=== Source data ===

• • •

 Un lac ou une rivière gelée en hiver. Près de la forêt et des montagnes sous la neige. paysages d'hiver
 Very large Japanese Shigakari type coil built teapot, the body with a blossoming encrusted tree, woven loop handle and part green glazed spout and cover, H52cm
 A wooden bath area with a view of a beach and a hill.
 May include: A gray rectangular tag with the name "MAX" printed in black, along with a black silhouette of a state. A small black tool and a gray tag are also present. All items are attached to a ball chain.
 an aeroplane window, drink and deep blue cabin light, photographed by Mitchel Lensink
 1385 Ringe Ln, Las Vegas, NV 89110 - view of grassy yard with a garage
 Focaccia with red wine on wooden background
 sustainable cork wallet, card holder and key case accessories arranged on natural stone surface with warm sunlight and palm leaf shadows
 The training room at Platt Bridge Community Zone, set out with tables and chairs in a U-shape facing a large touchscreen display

• • •

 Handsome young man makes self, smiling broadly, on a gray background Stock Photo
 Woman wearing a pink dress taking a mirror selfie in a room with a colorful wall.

• • •

=== Task item ===
Wherever the line holding "an aeroplane window, drink" falls in the entries above, copy exactly from it through the line holding "The training room", inclusive, and add nothing.

=== Response for this exercise ===
 an aeroplane window, drink and deep blue cabin light, photographed by Mitchel Lensink
 1385 Ringe Ln, Las Vegas, NV 89110 - view of grassy yard with a garage
 Focaccia with red wine on wooden background
 sustainable cork wallet, card holder and key case accessories arranged on natural stone surface with warm sunlight and palm leaf shadows
 The training room at Platt Bridge Community Zone, set out with tables and chairs in a U-shape facing a large touchscreen display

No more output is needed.